As empresas indianas que produzem eletrônicos para gigantes globais podem ser as maiores beneficiárias das tarifas introduzidas pelo governo do presidente dos EUA, Donald Trump, relata o Financial Times.

Fonte da imagem: Sleeba Thomas / unsplash.com

Na semana passada, soube-se que a Apple pretende transferir para a Índia a produção de todos os iPhones que serão enviados aos EUA. A HP anunciou planos para dobrar sua capacidade de produção na Índia este ano, já que a empresa aproveita um programa de estímulo do governo para aumentar a produção de desktops e laptops no país.

A Dixon Technologies, que tem parceria com a HP na Índia, também fabrica produtos para outras grandes marcas, incluindo Samsung, Panasonic, Motorola e Philips. As ações da Dixon dobraram de valor no ano passado e agora estão sendo negociadas a cerca de 16.200 rúpias (US$ 190,23). A PG Electroplast, que fabrica eletrodomésticos para LG, Whirlpool e Voltas, estava sendo negociada a Rs 200 (US$ 2,35) no mesmo período do ano passado, subiu para Rs 1.000 (US$ 11,74) em janeiro deste ano e agora caiu para Rs 900 (US$ 10,57). A diversificada Avalon Technologies, que tem clientes em setores que vão da energia limpa à aeroespacial, cresceu 80% no ano passado; A Kaynes Technologies cresceu 120% no mesmo período.

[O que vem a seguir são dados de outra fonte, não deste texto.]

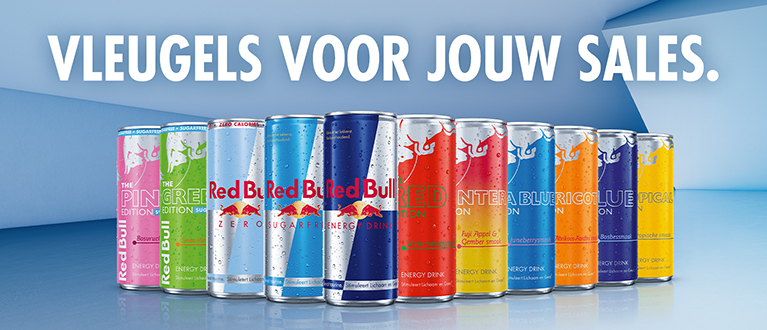 Banner met verschillende blikjes Red Bull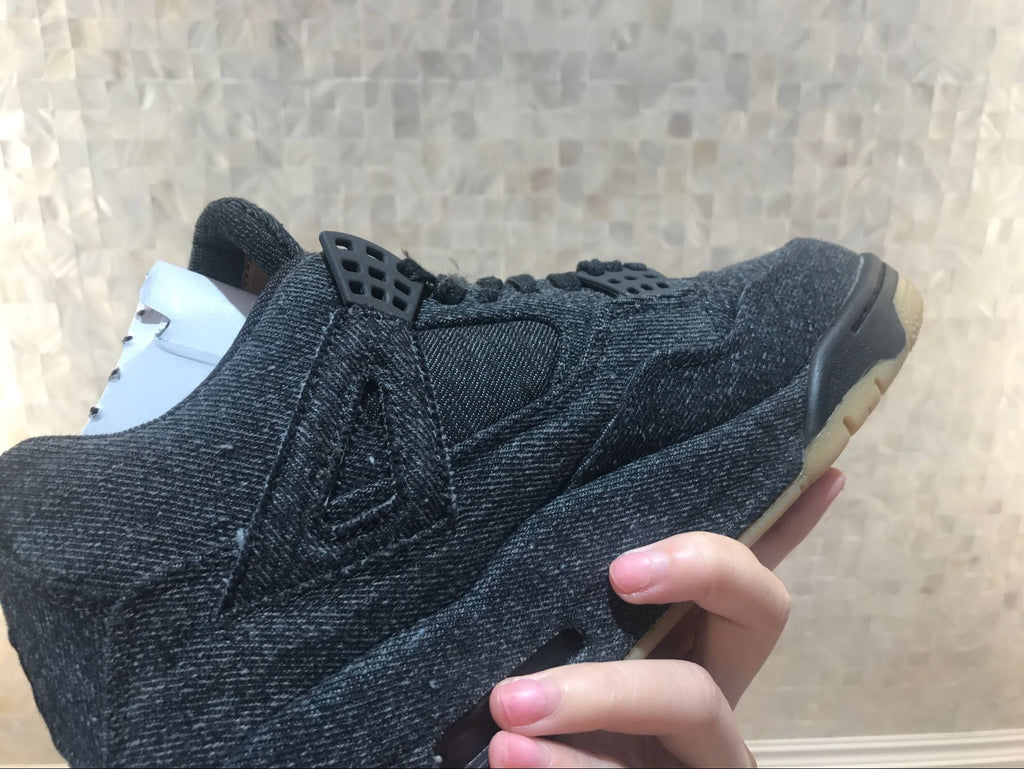 Jordan 4 Retro Levi's Black Denim Sneakers A02571-001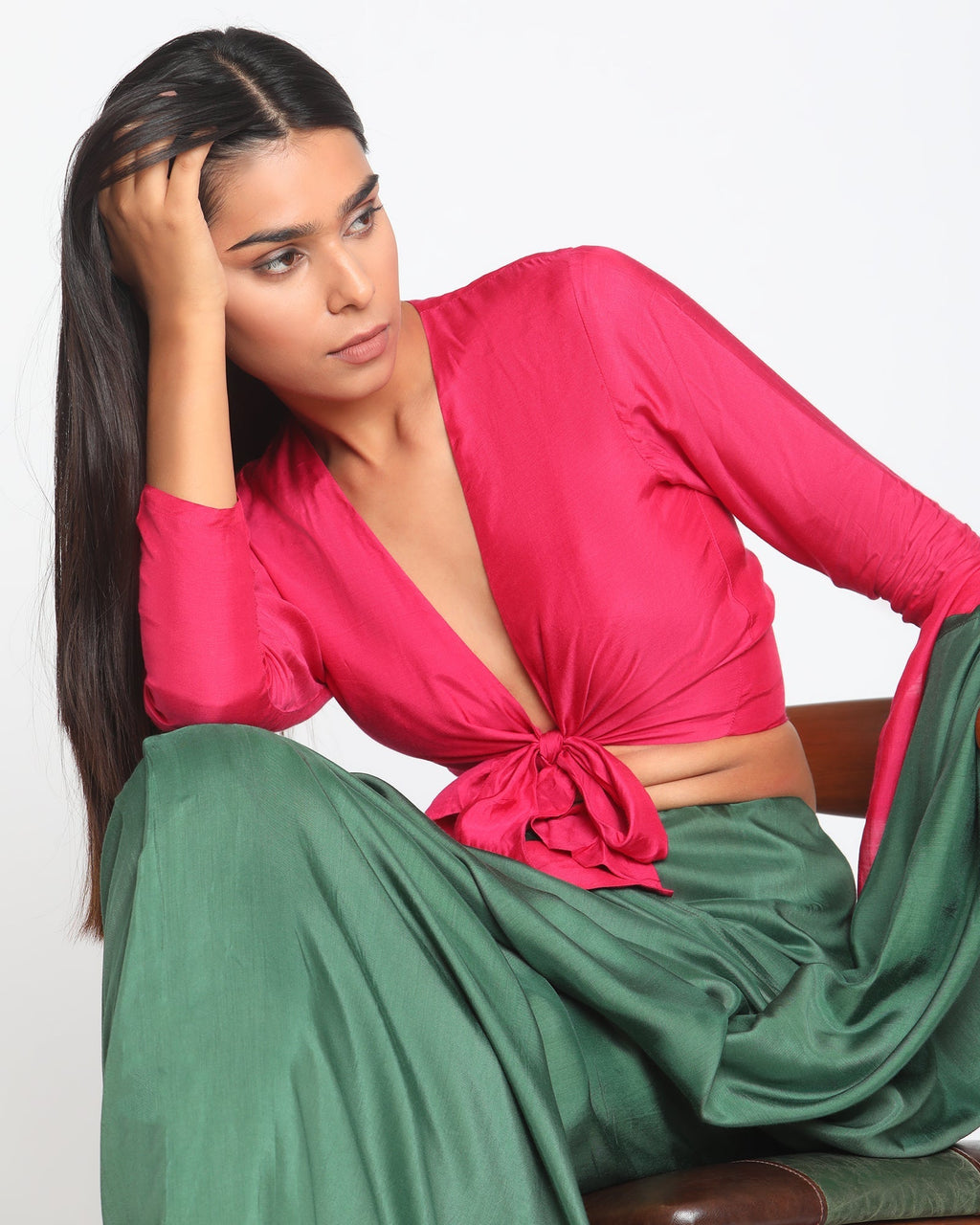trueBrowns Silk Pink Tie Up Blouse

Algumas dessas empresas foram ajudadas em grande número pelo programa governamental de Incentivo à Produção Vinculada (PLI), criado para estimular a produção. Mas o que acontecerá a seguir dependerá das próprias empresas: se elas conseguirão ajudar seus clientes a diversificar suas cadeias de suprimentos. Nem todos nos EUA ficaram felizes com a notícia da transferência da produção do iPhone da China para a Índia, porque as tarifas de Trump, pelo menos em teoria, visam trazer a produção de volta aos EUA, em vez de transferi-la de um país asiático para outro.

Na prática, é improvável que isso aconteça rapidamente: as empresas americanas precisarão de recursos humanos confiáveis, cadeias de suprimentos nacionais e clareza na frente política, recursos atualmente escassos. Portanto, as empresas indianas têm uma chance de curto prazo de se tornarem participantes importantes na nova ordem mundial – e precisarão desenvolver rapidamente seus sucessos recentes.